Gender-lens projects coming out of Washington, D.C. these days are rare, but here’s a great one. The National Endowment for the Humanities has just awarded the American Film Institute a $350,000 grant toward a study on gender parity in the history of American film. The funds support a survey of the roles of women in the over 100 years of American movies that are in the database in the AFI Catalog of Feature Films. The collection has amassed over 500,000 listed credits on all these productions.
The database is complete for the years 1893-1993 and is abbreviated for films released after 1993. It covers all Hollywood films and independent works that made theatrical release. My own single entry is here.

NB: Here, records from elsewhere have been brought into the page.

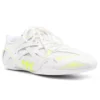 Zapatillas Drive «White Fluo Yellow» 635498W3AZ29073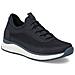Leisure Sneakers Tessile Scarpe Uomo Blu Eu 41, B0655-14 - Foto miniatura 1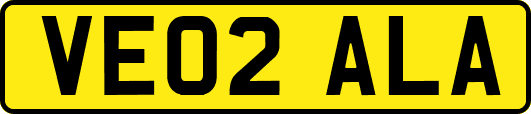 VE02ALA
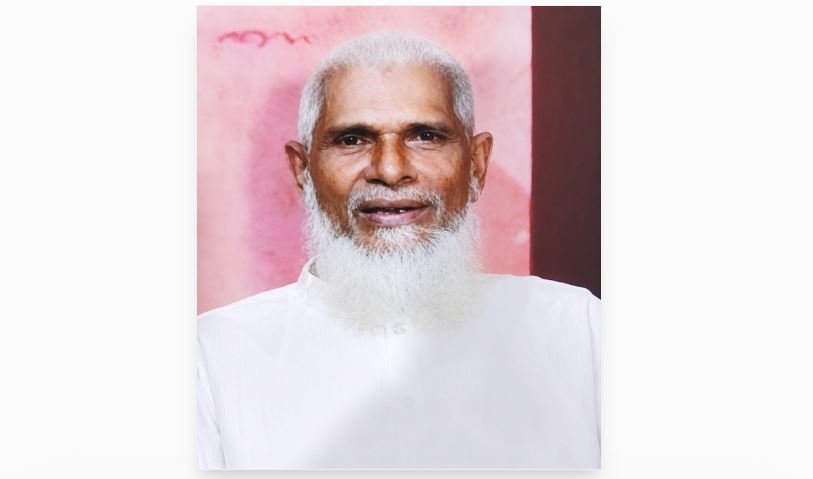 বরিশালে চারদিন ধরে নিখোঁজ বৃদ্ধ সামসুল হক, সন্ধান চায় পরিবার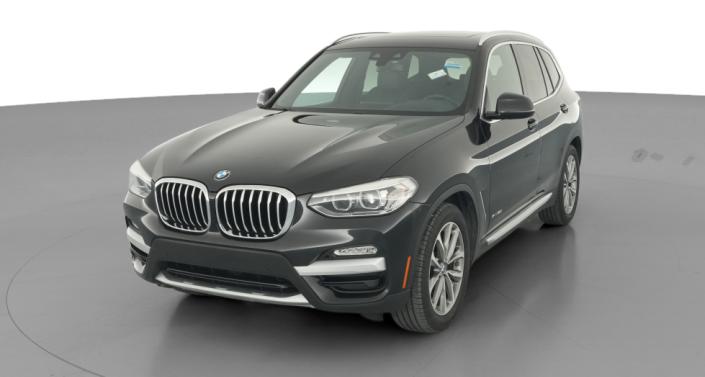 Thumbnail: 2018 BMW X3 - 1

In the earliest era of filmmaking women held many more roles and wielded much more power in the creation of films and their story lines. Anita Loos’ autobiography, A GIRL LIKE I, talks about her being the very first scriptwriter ever hired. These were the days when the industry was nascent and it was still growing into the powerful force it is today. This initiative will bring out those numbers identifying the roles women did have, and compare them to ensuing decades. I am going to make an educated guess – the worst decades for all women’s work in film were the 1950s, 1960s and 1970s.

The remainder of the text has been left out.